Russell Brennert and Mary Alice Hubert left the Leonard house at 9:05. As soon as he saw Brennert’s car turn the corner at the end of the street, Andy immediately went back upstairs and did not come down until the locally sponsored Kiwanis Club fireworks display began at 9:15.
Several factors contributed to the neighbors’ initial failure to react to what happened. First, there was the thunderous noise of the fireworks themselves. Since White’s Field, the site of the fireworks display, was less than one mile away, the resounding boom of the cannons was, as one person described, “damn near loud enough to rupture your eardrums.”
Second, music from a pair of concert hall speakers that Bill Gardner had set up in his front yard compounded the glass-rattling noise and vibrations of the cannons. “Every Fourth of July,” said Gardner, “WLCB [a local low-wattage FM radio station] plays music to go along with the fireworks.
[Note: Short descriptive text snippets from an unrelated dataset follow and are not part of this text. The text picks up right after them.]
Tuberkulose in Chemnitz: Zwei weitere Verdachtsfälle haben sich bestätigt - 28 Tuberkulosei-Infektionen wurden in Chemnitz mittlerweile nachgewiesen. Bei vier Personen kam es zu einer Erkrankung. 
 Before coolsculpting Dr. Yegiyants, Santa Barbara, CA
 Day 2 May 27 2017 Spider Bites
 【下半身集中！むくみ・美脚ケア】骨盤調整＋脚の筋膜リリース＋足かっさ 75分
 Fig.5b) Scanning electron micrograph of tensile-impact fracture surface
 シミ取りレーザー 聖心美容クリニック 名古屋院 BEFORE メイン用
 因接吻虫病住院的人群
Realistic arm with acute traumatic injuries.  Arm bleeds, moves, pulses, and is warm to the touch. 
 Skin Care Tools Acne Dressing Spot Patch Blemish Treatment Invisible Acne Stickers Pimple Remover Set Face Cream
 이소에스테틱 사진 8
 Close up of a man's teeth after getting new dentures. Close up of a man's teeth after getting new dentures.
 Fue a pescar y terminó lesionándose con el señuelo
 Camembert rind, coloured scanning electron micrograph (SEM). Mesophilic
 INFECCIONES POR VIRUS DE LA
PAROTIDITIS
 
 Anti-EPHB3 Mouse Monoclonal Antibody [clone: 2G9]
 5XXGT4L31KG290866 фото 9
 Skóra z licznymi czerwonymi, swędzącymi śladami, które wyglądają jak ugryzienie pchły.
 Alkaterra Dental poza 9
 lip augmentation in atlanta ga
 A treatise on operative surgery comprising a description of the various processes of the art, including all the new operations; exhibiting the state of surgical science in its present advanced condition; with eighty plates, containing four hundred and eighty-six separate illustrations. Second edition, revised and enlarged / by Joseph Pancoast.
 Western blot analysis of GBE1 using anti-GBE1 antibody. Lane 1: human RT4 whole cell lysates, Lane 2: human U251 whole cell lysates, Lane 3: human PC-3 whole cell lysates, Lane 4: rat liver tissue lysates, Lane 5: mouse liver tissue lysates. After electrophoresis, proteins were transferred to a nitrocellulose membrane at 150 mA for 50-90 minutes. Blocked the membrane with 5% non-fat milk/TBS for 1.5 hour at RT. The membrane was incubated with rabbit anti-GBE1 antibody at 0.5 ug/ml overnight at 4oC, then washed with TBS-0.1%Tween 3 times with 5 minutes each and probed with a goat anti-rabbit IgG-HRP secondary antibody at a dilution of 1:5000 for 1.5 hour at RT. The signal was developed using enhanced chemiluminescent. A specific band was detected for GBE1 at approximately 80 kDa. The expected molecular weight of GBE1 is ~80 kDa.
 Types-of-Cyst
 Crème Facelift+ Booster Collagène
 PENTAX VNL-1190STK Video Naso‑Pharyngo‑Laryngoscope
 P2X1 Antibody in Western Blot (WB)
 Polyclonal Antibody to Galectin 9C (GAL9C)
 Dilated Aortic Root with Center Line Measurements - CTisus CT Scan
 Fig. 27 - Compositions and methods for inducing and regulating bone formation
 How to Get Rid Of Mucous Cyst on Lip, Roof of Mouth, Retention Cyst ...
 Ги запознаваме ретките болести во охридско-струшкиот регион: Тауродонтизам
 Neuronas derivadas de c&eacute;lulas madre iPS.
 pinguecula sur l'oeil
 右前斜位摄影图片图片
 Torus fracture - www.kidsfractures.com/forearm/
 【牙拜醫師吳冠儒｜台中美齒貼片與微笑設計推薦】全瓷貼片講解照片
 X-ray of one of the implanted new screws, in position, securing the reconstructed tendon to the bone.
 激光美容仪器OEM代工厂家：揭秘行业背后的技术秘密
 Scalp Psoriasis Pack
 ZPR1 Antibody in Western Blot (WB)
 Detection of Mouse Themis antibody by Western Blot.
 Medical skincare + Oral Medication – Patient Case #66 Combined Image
You know, ‘America the Beautiful,’ ‘Stars and Stripes Forever,’ Charlie Daniels’s ‘In America,’ stuff like that, and every year I tune ’em in and set my speakers out and let fly. Folks on this street want me to do it, they all like it.”
“How the fuck was I supposed to know Andy was gonna flip out?”
Third and last, there were innumerable firecrackers being set off by neighborhood children. This not only added to the general racket but also accounted for the neighbors’ ignoring certain visual clues once Andy moved outside. “You have to understand,” said one detective, “that everywhere around these people, up and down the street, kids were setting off all different kinds of things: firecrackers, sparklers, bottle rockets, M-80s, for God’s sake! Is it any wonder it took them so long to tell the difference between an exploding firecracker and the muzzle flash from a gun?”
“Andy Leonard had to’ve been planning this for a long time. He knew there’d be noise and explosions and lights and a hundred other things to distract everyone from what he was doing.”
At exactly 9:15 P.M., Andy Leonard walked calmly downstairs carrying three semiautomatic pistols — a Walther P .38 9mm Perabellum, a Mauser Luger 7.65mm, and a Coonan .357 Magnum — as well as an HK53 5.56mm assault rifle, all of which he’d taken from his father’s massive oak gun cabinet upstairs.
Of the thirteen other family members present at that time, five — including Irv Leonard, sixty-two, and his oldest son, Chet, twenty-five — were outside watching the fireworks. Andy’s two older sisters, Jessica, twenty-nine, and Elizabeth, thirty-four (both of whose husbands were also outside), were in the kitchen hurriedly helping their mother put away the buffet leftovers so they could join the men on the front lawn.
Jessica’s three children — Randy, age seven; Theresa, four; and Joseph, nine and a half months — were in the living room. Randy and his sister had just finished changing their baby brother’s diaper and were strapping him into his safety seat so they could hurry up and get outside. Joseph thought they were playing with him and so thrashed and giggled a lot.